(DESCRIPTION OF THE TASK):
Restate every entry verbatim; drop the pictures.

Scraped caption text data:
§

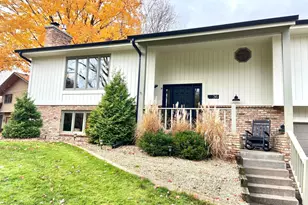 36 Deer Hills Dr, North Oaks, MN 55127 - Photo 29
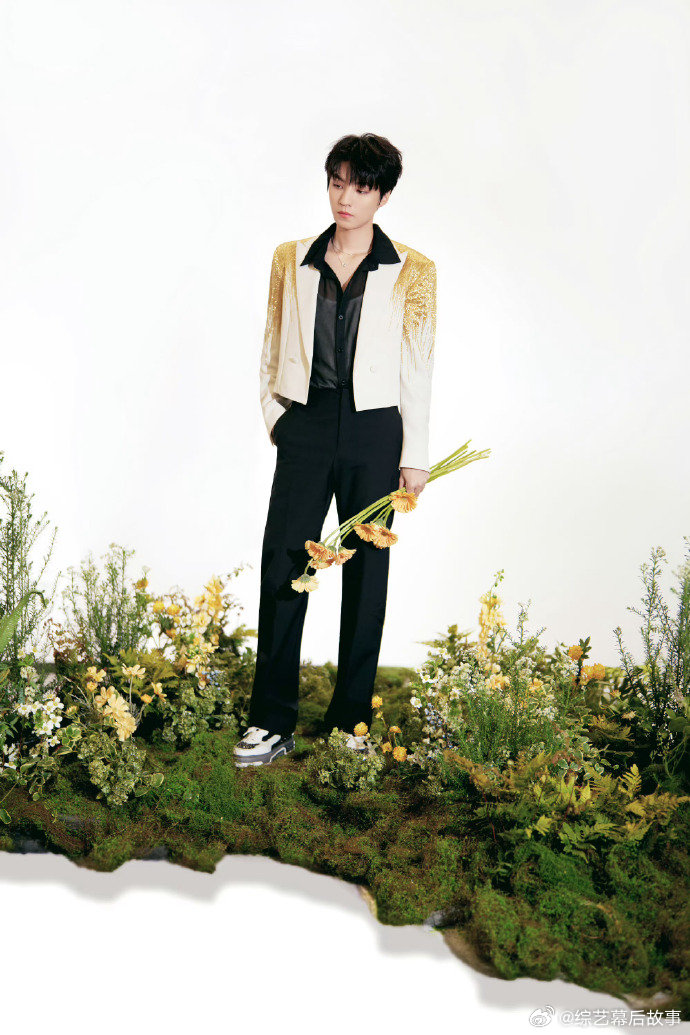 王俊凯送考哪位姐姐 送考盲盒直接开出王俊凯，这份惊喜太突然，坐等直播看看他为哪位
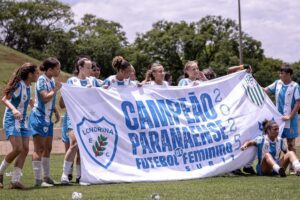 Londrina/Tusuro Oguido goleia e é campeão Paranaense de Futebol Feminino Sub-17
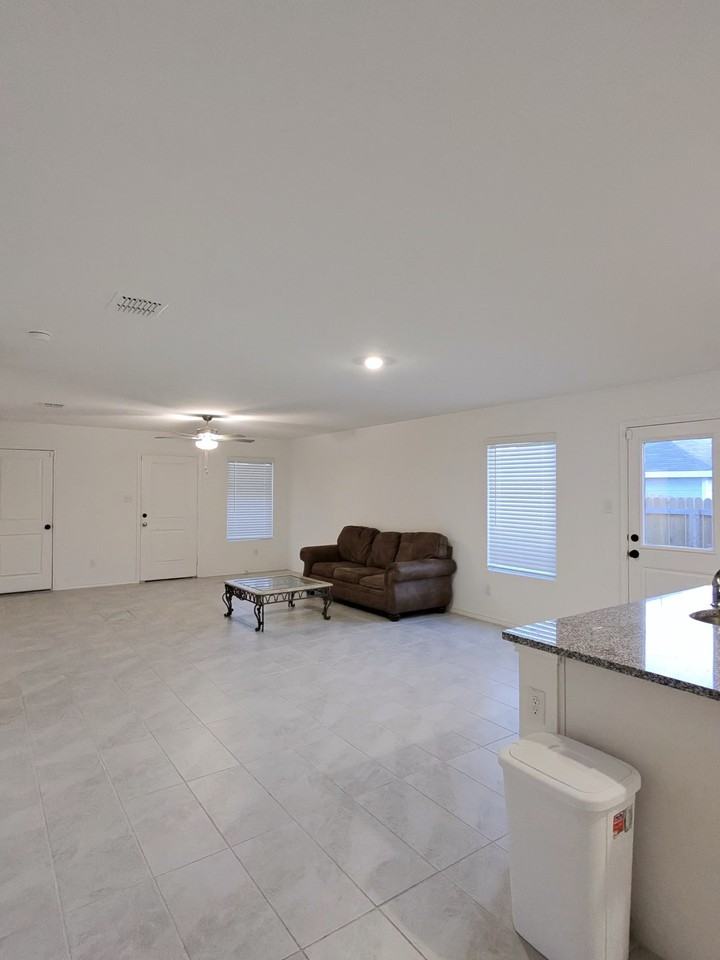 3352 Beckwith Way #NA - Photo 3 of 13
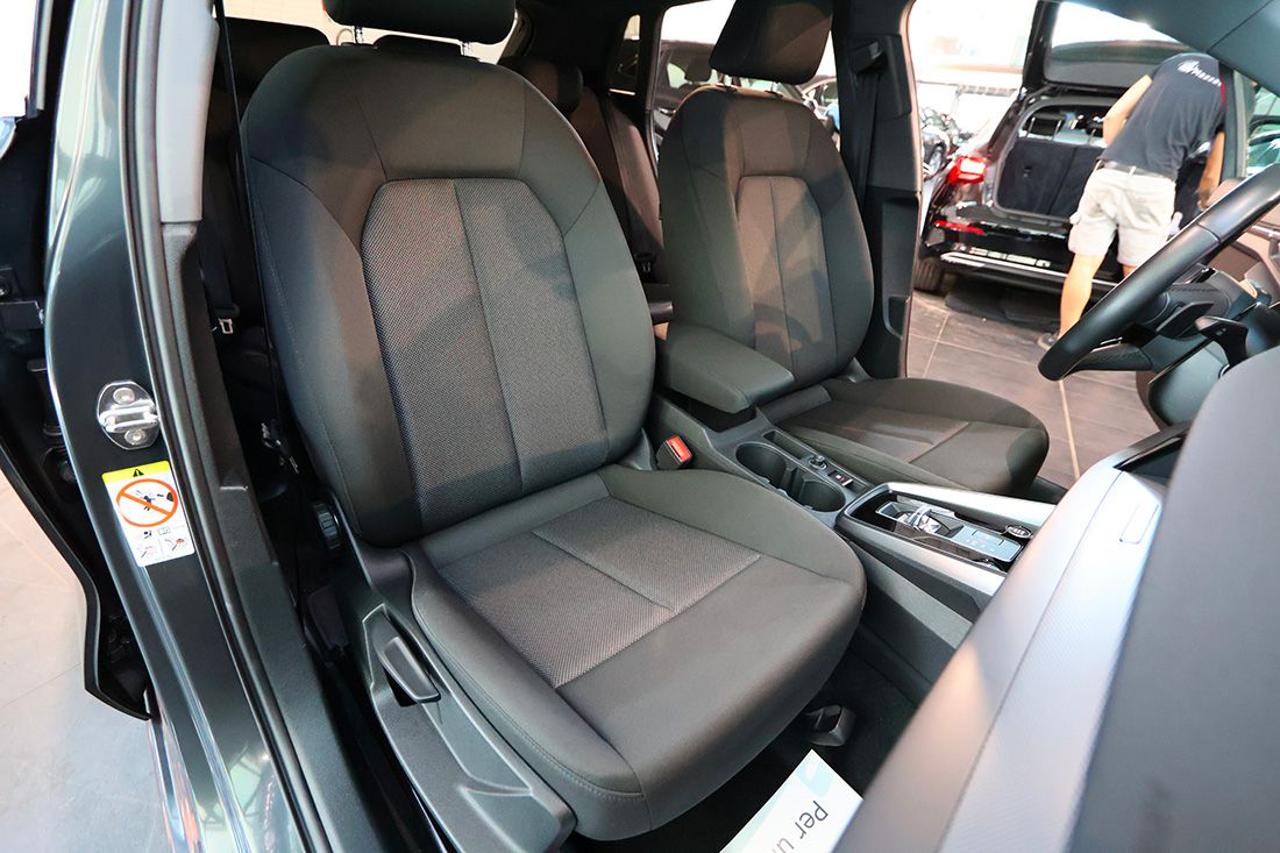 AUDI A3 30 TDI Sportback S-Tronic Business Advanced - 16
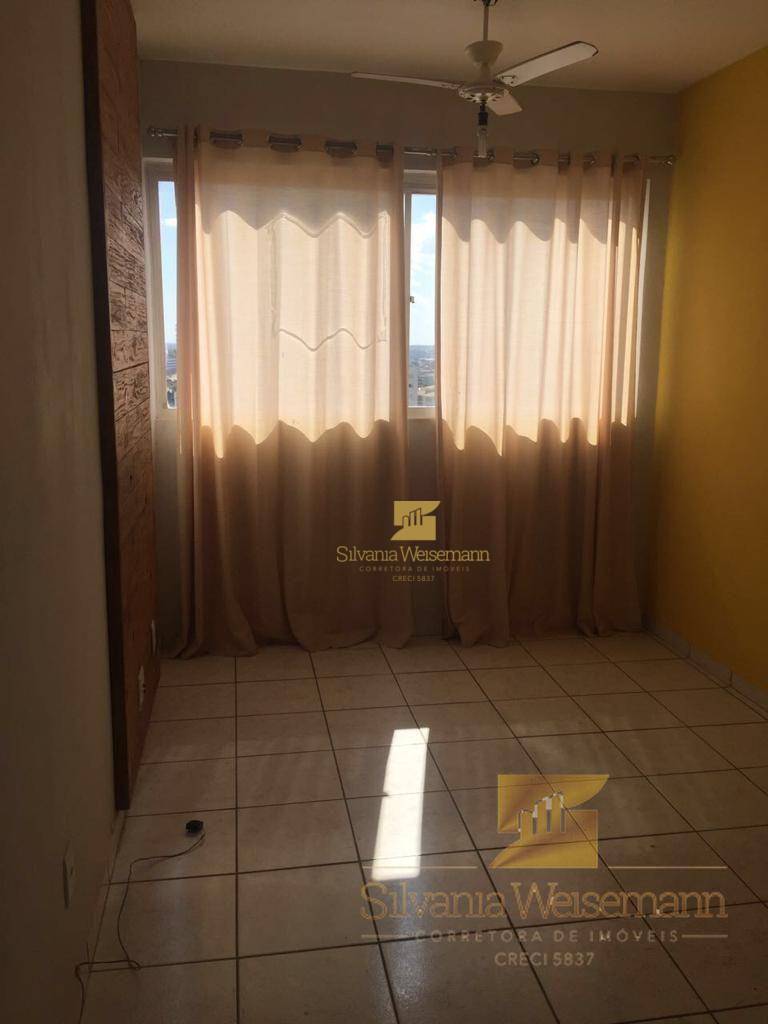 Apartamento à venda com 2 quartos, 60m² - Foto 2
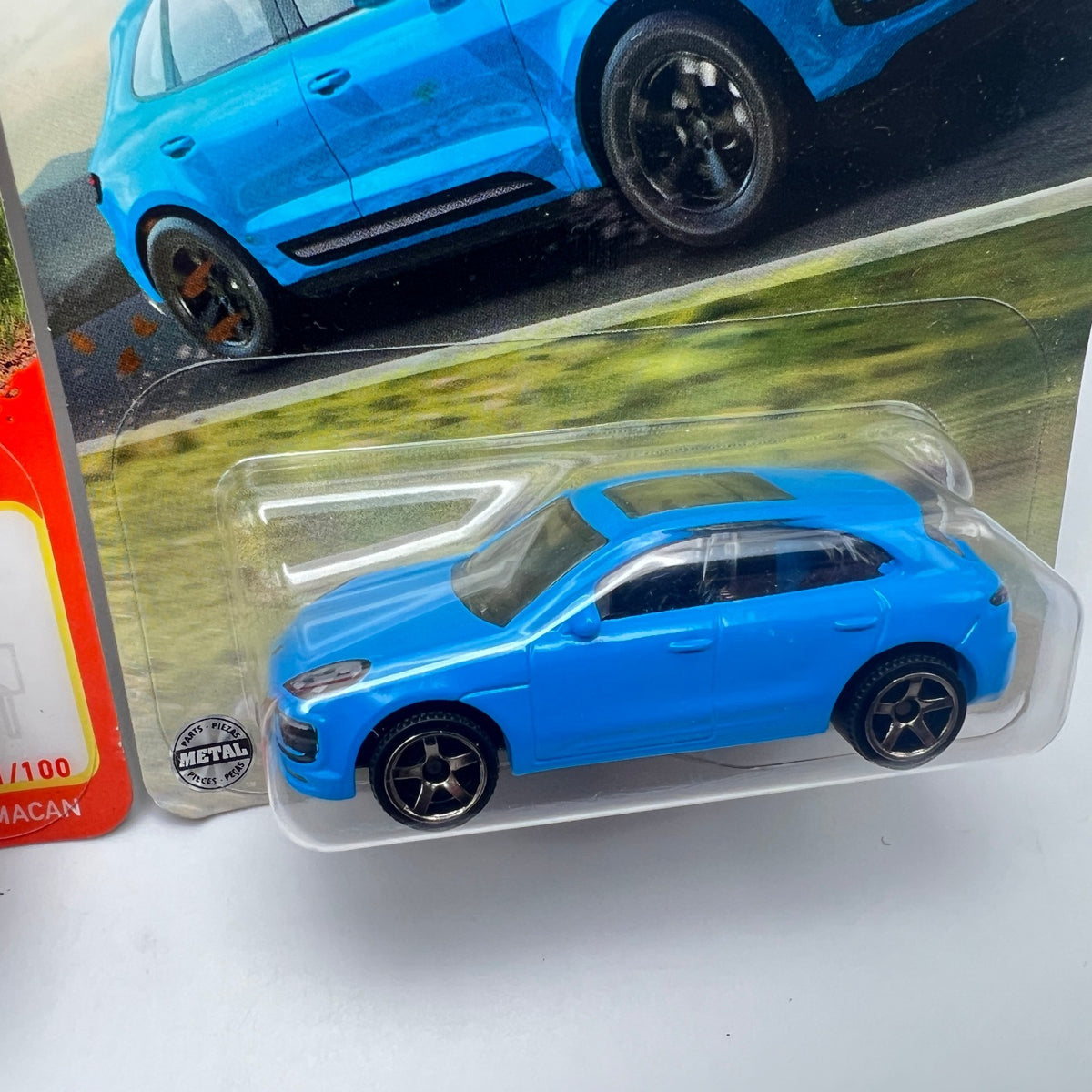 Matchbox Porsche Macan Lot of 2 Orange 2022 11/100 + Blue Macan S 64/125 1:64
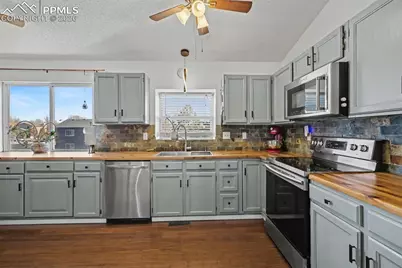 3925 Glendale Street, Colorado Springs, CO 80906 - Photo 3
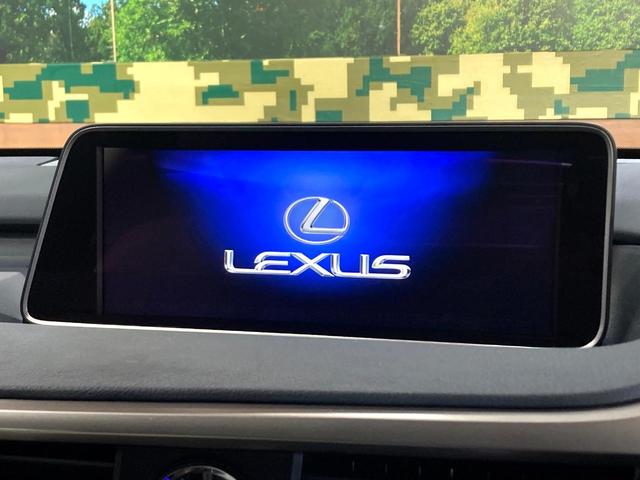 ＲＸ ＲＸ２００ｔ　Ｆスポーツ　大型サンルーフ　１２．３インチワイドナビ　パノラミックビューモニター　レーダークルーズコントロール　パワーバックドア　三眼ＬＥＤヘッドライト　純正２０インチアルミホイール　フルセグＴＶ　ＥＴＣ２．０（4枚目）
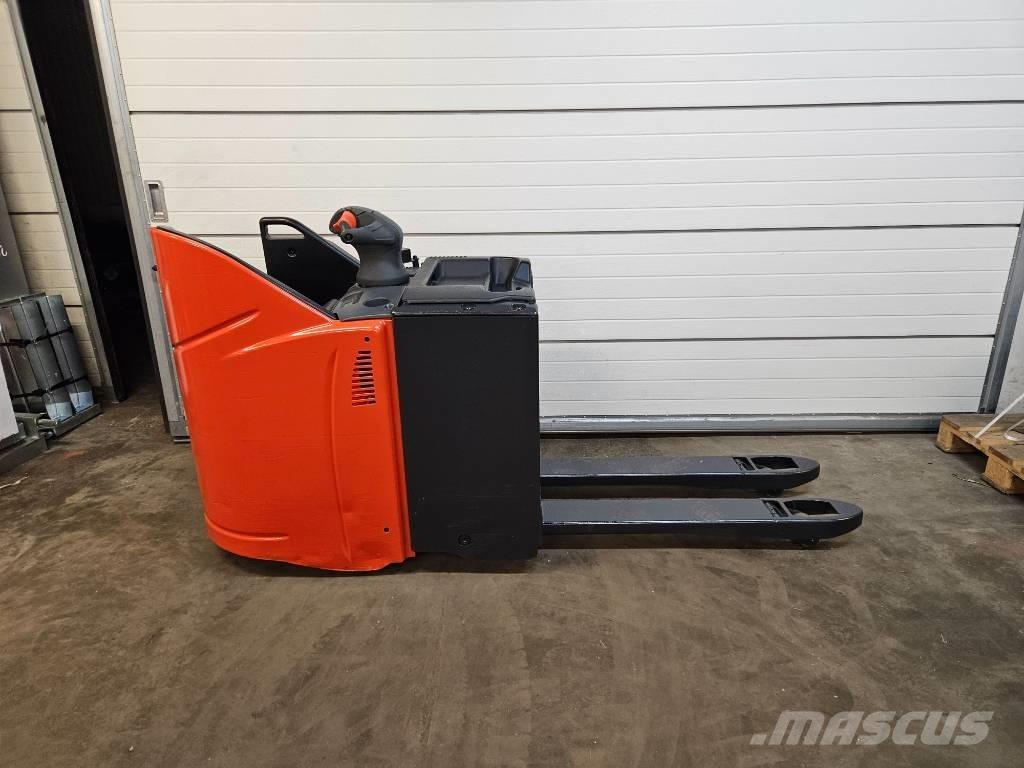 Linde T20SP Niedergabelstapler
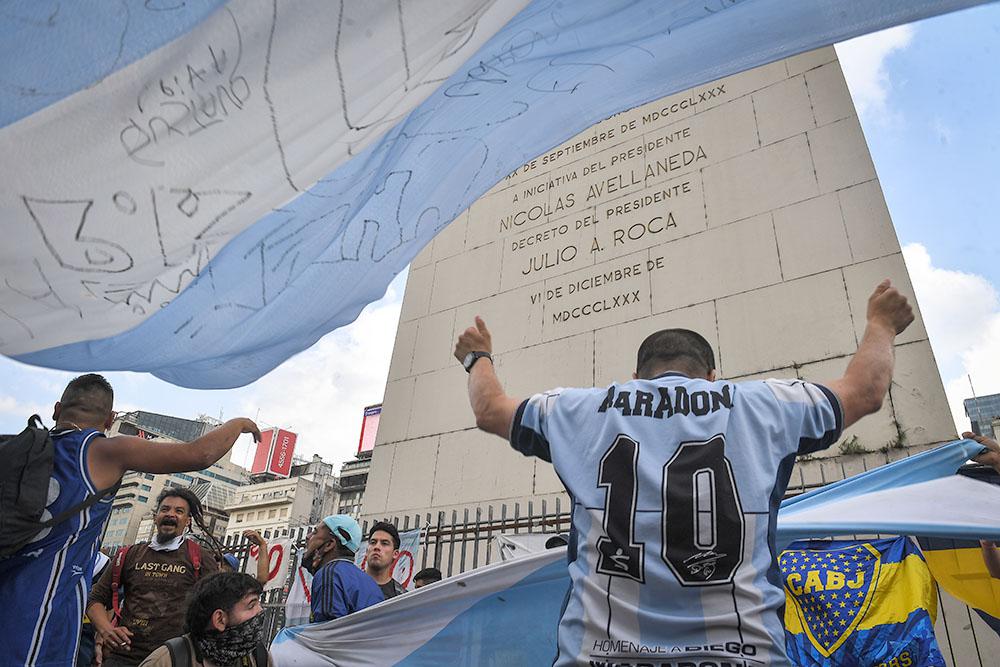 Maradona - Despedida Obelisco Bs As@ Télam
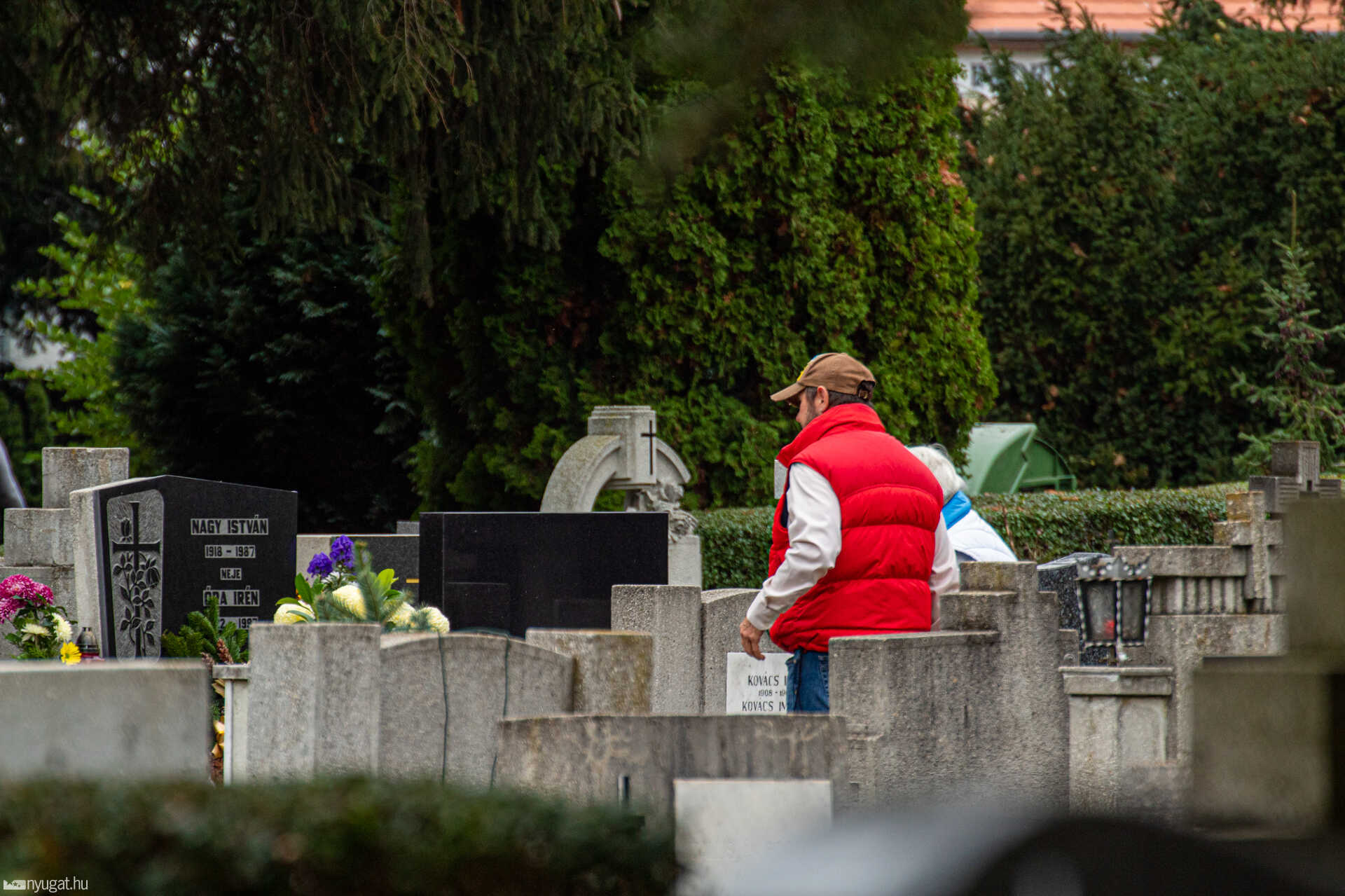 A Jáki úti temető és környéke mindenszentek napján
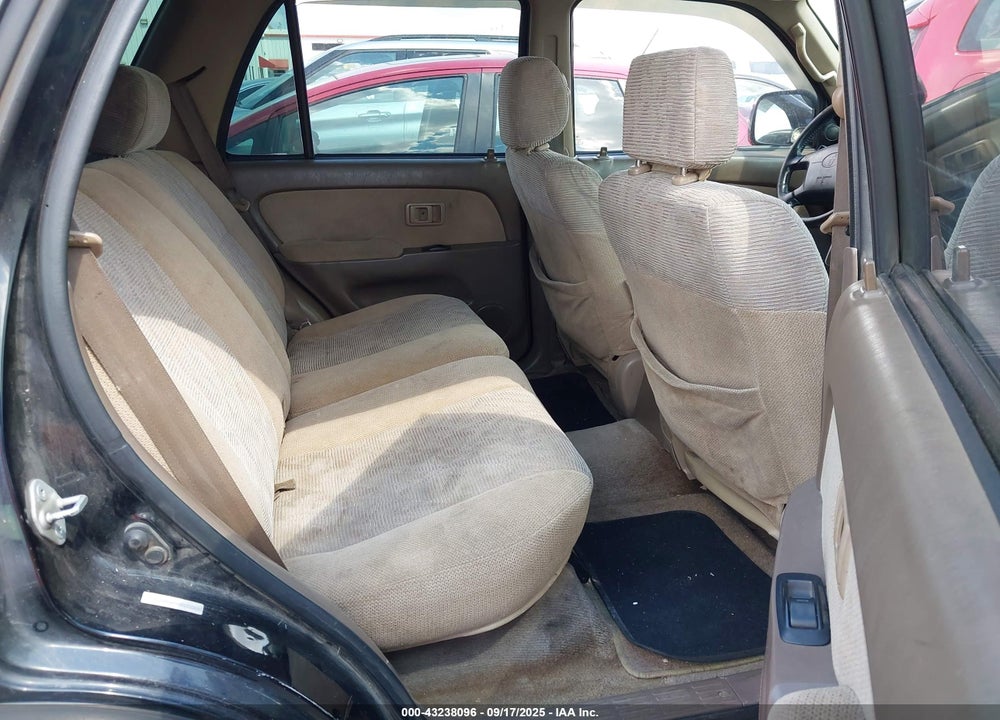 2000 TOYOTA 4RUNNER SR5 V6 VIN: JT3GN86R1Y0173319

§

(SOLVED PROBLEM):
 36 Deer Hills Dr, North Oaks, MN 55127 - Photo 29
 王俊凯送考哪位姐姐 送考盲盒直接开出王俊凯，这份惊喜太突然，坐等直播看看他为哪位
 Londrina/Tusuro Oguido goleia e é campeão Paranaense de Futebol Feminino Sub-17
 3352 Beckwith Way #NA - Photo 3 of 13
 AUDI A3 30 TDI Sportback S-Tronic Business Advanced - 16
 Apartamento à venda com 2 quartos, 60m² - Foto 2
 Matchbox Porsche Macan Lot of 2 Orange 2022 11/100 + Blue Macan S 64/125 1:64
 3925 Glendale Street, Colorado Springs, CO 80906 - Photo 3
 ＲＸ ＲＸ２００ｔ　Ｆスポーツ　大型サンルーフ　１２．３インチワイドナビ　パノラミックビューモニター　レーダークルーズコントロール　パワーバックドア　三眼ＬＥＤヘッドライト　純正２０インチアルミホイール　フルセグＴＶ　ＥＴＣ２．０（4枚目）
 Linde T20SP Niedergabelstapler
 Maradona - Despedida Obelisco Bs As@ Télam
 A Jáki úti temető és környéke mindenszentek napján
 2000 TOYOTA 4RUNNER SR5 V6 VIN: JT3GN86R1Y0173319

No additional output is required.